Sabotage foi um dos primeiros a pisar em ‘território inimigo’ e os frutos deste seu pioneirismo e da sua franca e ampla abertura para o outro semearam o terreno para que hoje o rap brasileiro esteja mais forte e múltiplo (ainda longe do ideal, é verdade, mas é só olhar para 10, 12 anos atrás e traçar um rápido paralelo). Um aspecto curioso disto é uma espécie de onipresença que Sabotage adquiriu nesta obsessiva onda de referência e citação que a nova e a novíssima geração de mcs brasileiros tem tido (uma resposta ao rap de entretenimento que dominava a cena antes da explosão de “Sulicídio” ano passado, tese minha). Don L, Emicida, Chinaski, Drik Barbosa, Clara Lima, Djonga, BK, DK, Felp 22 todos vem citando Sabotage direta ou indiretamente. 

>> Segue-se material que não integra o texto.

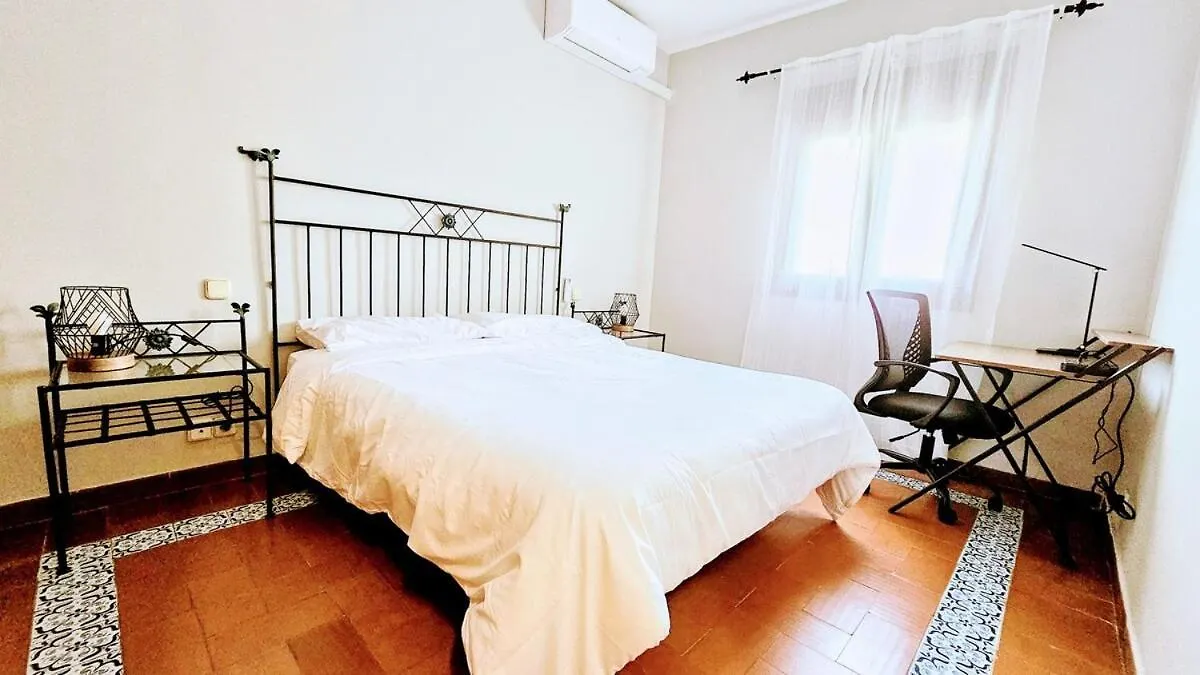 Cozy Townhouse Marbellaヴィラ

Hector Babenco, com quem Sabotage trabalhou durante a produção do longa Carandirú (2003) e com quem também escreveu “Sai da frente” (faixa 10 do disco póstumo Sabotage, de 2016), costumava dizer que o rapper paulista era, além de tudo, um entertainer, um performer. Os cabelos espetados, os gestos cuidadosamente calculados, as frases de efeito (“O rap Charles Bronson, aquele que se apertar, sai sangue”), isto tudo aliado a certa narrativa da sua experiência no crime fez de Sabotage uma figura ímpar no jogo do entretenimento brasileiro. Ele tinha plena consciência do que estava fazendo. Ao misturar Ol’Dirty Bastard, Snoop Dogg e Coolio com o modo de ser/estar de Bezerra da Silva e Zeca Pagodinho, forjou a imagem do gansgta-rapper brasileiro por excelência. Se MV Bill e Mano Brown encarnavam, entre fins dos anos noventa e princípio dos dois mil, uma imagem mais próxima a Tupac Shakur (quem se lembra da célebre apresentação do MV Bill no Free Jazz Festival [1999] na qual ele cantou com uma 9mm na cintura no melhor estilo thug?), Sabotage conseguia extrair de um caldeirão de influências mais múltiplo e requintado a sua imagem original. Neste aspecto, talvez só Marcelo D2 tenha sido um contemporâneo (quase) à altura.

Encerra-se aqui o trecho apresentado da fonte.